Using on-screen animations in a simulation model
enables the status of the model to be viewed as it
progresses e.g. a machine that breaks down may change
its colour to red. This enables visual cues to be passed
back to the operator of the simulation model, so action
could be taken. Additionally, visualisation is useful
in convincing management of the model's credibility.
For example, in manufacturing if the Directors can
see a visualisation of the production line with widgets
travelling down a conveyor belt, it would do more to
sell the concept of the model than a 'black box', churning
out data.
With VIS the prime motivation is not only portrayal
of the running simulation model but also the interaction
with it. For example, in using the above scenario,
if the User wanted to see how the production line would
run with an extra machine then he could simply 'plug
in' a machine, at the appropriate position, and monitor
the effect that this would have on the model.

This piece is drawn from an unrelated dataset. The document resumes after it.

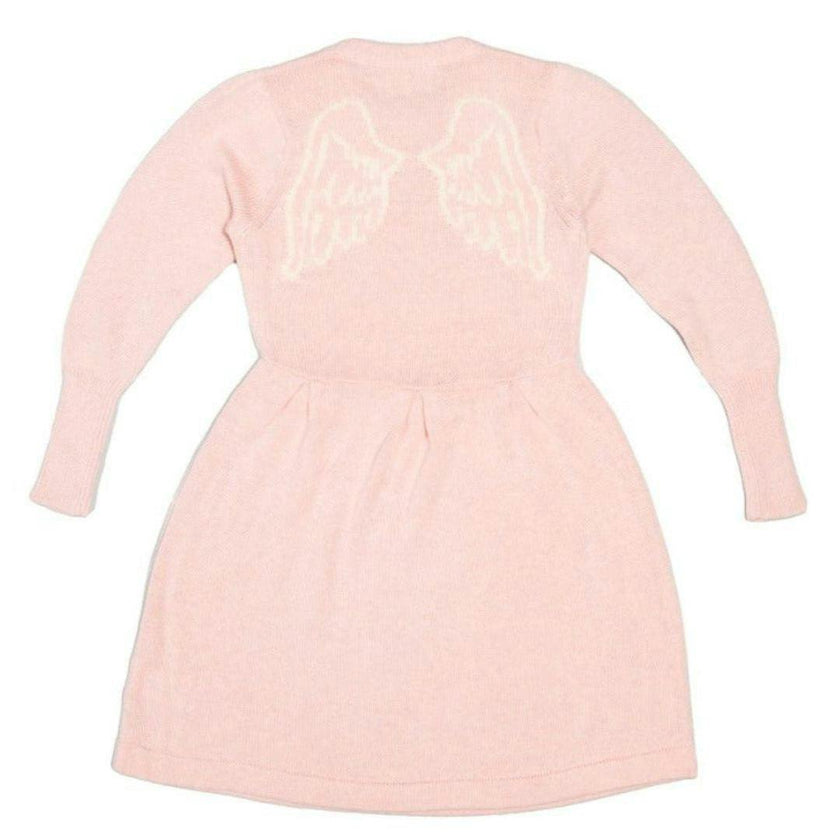 Angel Dress | Blush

Visual Interactive Modelling (VIM) takes this concept
one stage further by allowing the model to be created
interactively. This allows a model to be constructed
by dragging (with a mouse) 'Entities' (machines, parts
etc.) from a library onto a frame. The entities could
then be connected in the desired order. Many of the
advanced VIM simulation tools allow program code to
be attached to the entities and events, therefore making
the model potentially more sophisticated and flexible.

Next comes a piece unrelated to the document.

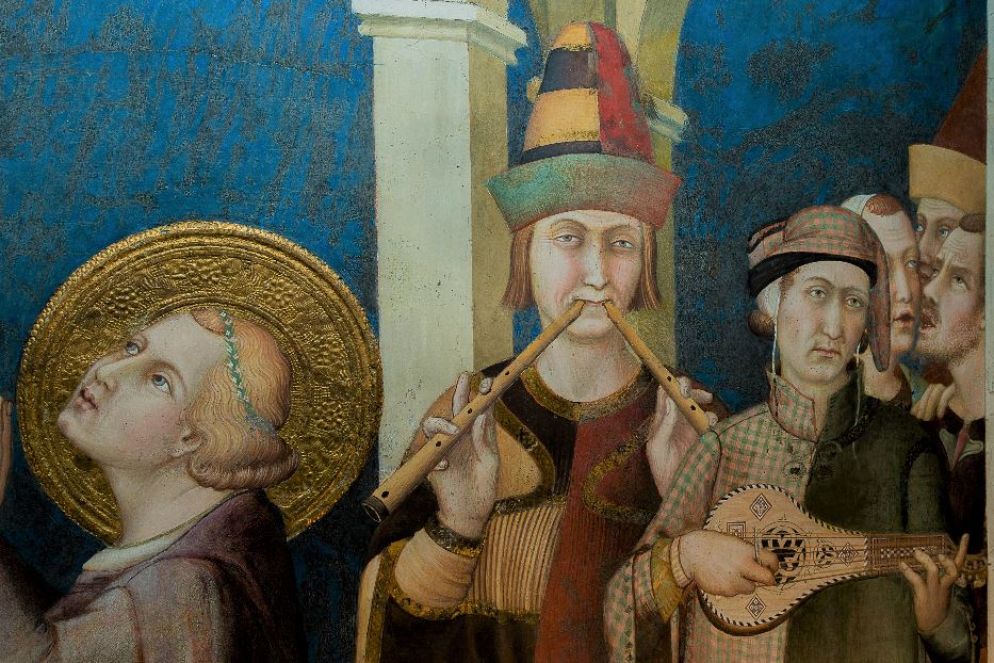 Sacro Convento di Assisi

Visualisation and simulation are extensively used
in the training of operational staff, especially where
the training cannot be carried out in real life e.g.
shutting down the reactor of a nuclear power station
after an earthquake.
Object Oriented Simulation
Object Oriented techniques have been developed since
the early 1960's as a result of simulation development
(SIMULA). Until recently, the two were not coupled
despite their original tandem development. There are
currently only a handful of Object Oriented simulation
applications available on a commercial basis; one of
the most prominent of these is iBright Ltd's 'baseSim'.
The main difference between traditional program development
and Object Oriented techniques is the way in which
the data and the program code are stored and manipulated.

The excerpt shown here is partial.